HVAC Business: Properly Pricing One-Day Changeouts for Maximum Profit

YouTube video

Note: This article is based on the transcript of a YouTube video by the HVACmillionaire. The purpose of this article is to provide detailed guidance on pricing one-day changeouts in the HVAC business to ensure maximum profitability.


In the HVAC business, pricing is a crucial factor that can significantly impact the success and profitability of your company. One of the most important aspects of pricing is determining the cost of a one-day changeout accurately. It is essential to understand this pricing model to ensure that your HVAC business thrives and makes money consistently.

Building a Price for a System

To start pricing a one-day changeout, you need to consider the cost of the system components. Let’s take a hypothetical example to illustrate this process. Please note that the numbers mentioned here are for demonstration purposes only and not actual pricing.

  1. Furnace cost: $1,500
  2. Evaporator coil cost: $475
  3. Condensing unit cost: $1,800

The total cost of all the equipment for this job is $3,775.

Next, you need to factor in the cost of additional materials required for the installation:

  1. Basic thermostat: $50
  2. Whip pad and disconnect: $106
  3. Sheet metal: $28
  4. Flue material: $85
  5. Drain line material: $12
  6. Torch vacuum nitrogen fees: $35
  7. Filter rack: $60
  8. Gas line material: $45
  9. Miscellaneous: $100
  10. Warranty reserve: A small amount for handling warranty issues
  11. Permit: Cost for obtaining the required permit

The total cost of these materials is $611.

Calculating Labor Costs

To determine the labor cost, let’s assume that two technicians can complete the job in eight hours. The labor rate would be $25 per hour for each technician. Therefore, the labor cost for this job would be $400.

It is crucial to remember that if the job takes longer or requires additional materials, such as a supply run or adding a return to the system, you must account for those costs as well.

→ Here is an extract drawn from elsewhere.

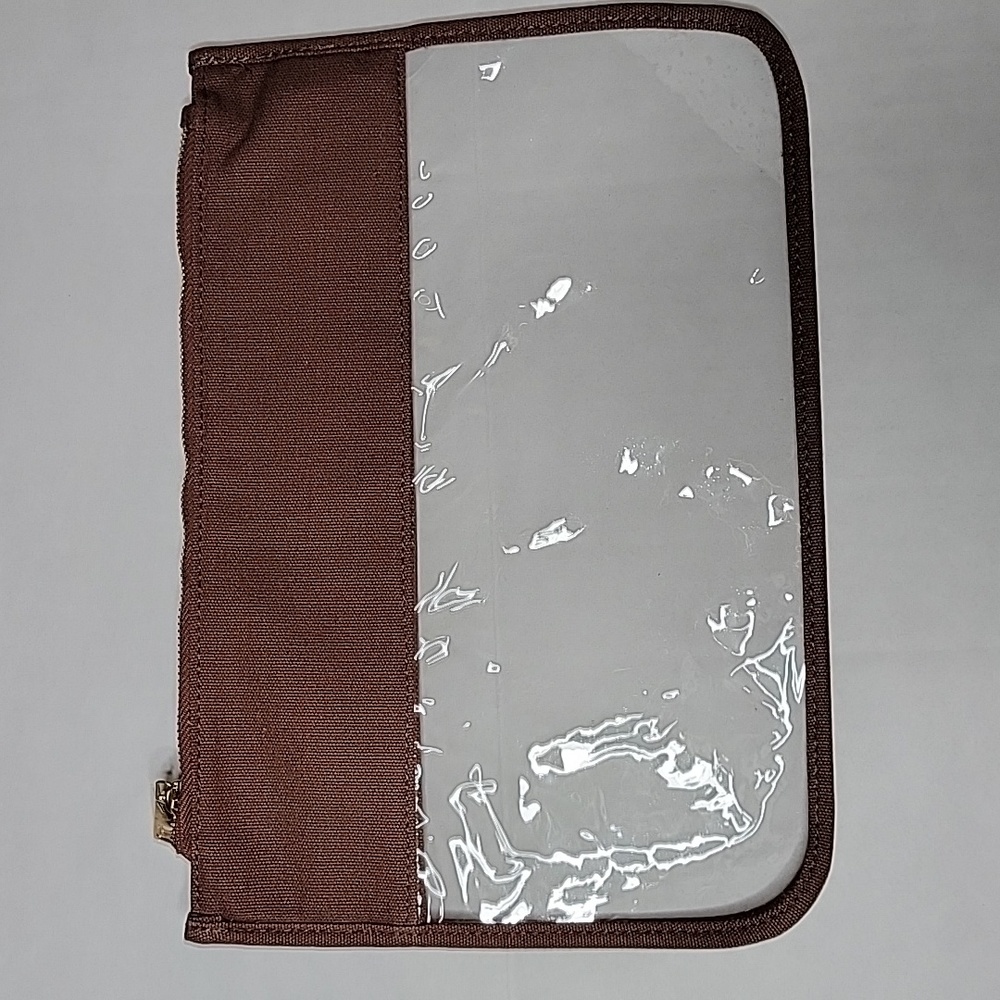 Women's travel makeup bag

Overhead Expenses and Desired Net Profit

For installation, overhead expenses typically amount to 25% of the total cost. In this example, the cost for overhead expenses would be $1,196. Additionally, according to the book “HVAC Spells Wealth” by Ron Smith, a desirable net profit is 25%. Therefore, we will add the desired net profit of $1,196 to the total cost.

Including Sales Commission and Financing Options

If your company pays a commission to the technician or salesperson who sells the job, you need to include that commission in the pricing. For this example, let’s assume a commission rate of 3%.

If you offer financing options, you must also factor in the dealer fee associated with offering financing. Let’s assume the dealer fee is 9% in this case.

Determining the Sales Price using the Divisor Method

To calculate the sales price, we use the divisor method. First, we calculate the gross margin by adding up all the percentages:

  1. Overhead expenses: 25%
  2. Desired net profit: 25%
  3. Sales commission: 3%
  4. Dealer fee: 9%

The total gross margin is 62% (25% + 25% + 3% + 9%).

To find the sales price, we subtract the gross margin from 100 and divide the total cost (labor, materials, and equipment) by the result:

Sales Price = Total Cost / (100 – Gross Margin)

In our example, the total cost is $4,786, and the gross margin is 62%. Therefore:

Sales Price = $4,786 / (100 – 62)

This calculation gives us a sales price of $12,594.74.

Ensuring Profitability

By following this pricing model, you should be able to achieve a net profit of 25% after covering all labor, material, and equipment costs. However, it is essential to keep in mind that unforeseen circumstances, such as failed components or additional work, can impact profitability. In such cases, you may need to adjust your pricing accordingly to ensure you don’t end up working for no profit or even at a loss.

As you gain more experience in estimating and foreseeing potential issues in each job, you can factor in additional costs to avoid any potential loss.


Properly pricing a one-day changeout is crucial for the success of your HVAC business. By accurately calculating the cost of equipment, materials, labor, and overhead expenses, and factoring in desired net profit, sales commission, and financing expenses, you can determine a competitive sales price that ensures profitability. Keep in mind that experience and foresight play critical roles in refining your pricing strategy, so continue learning and growing to maximize the success of your HVAC business.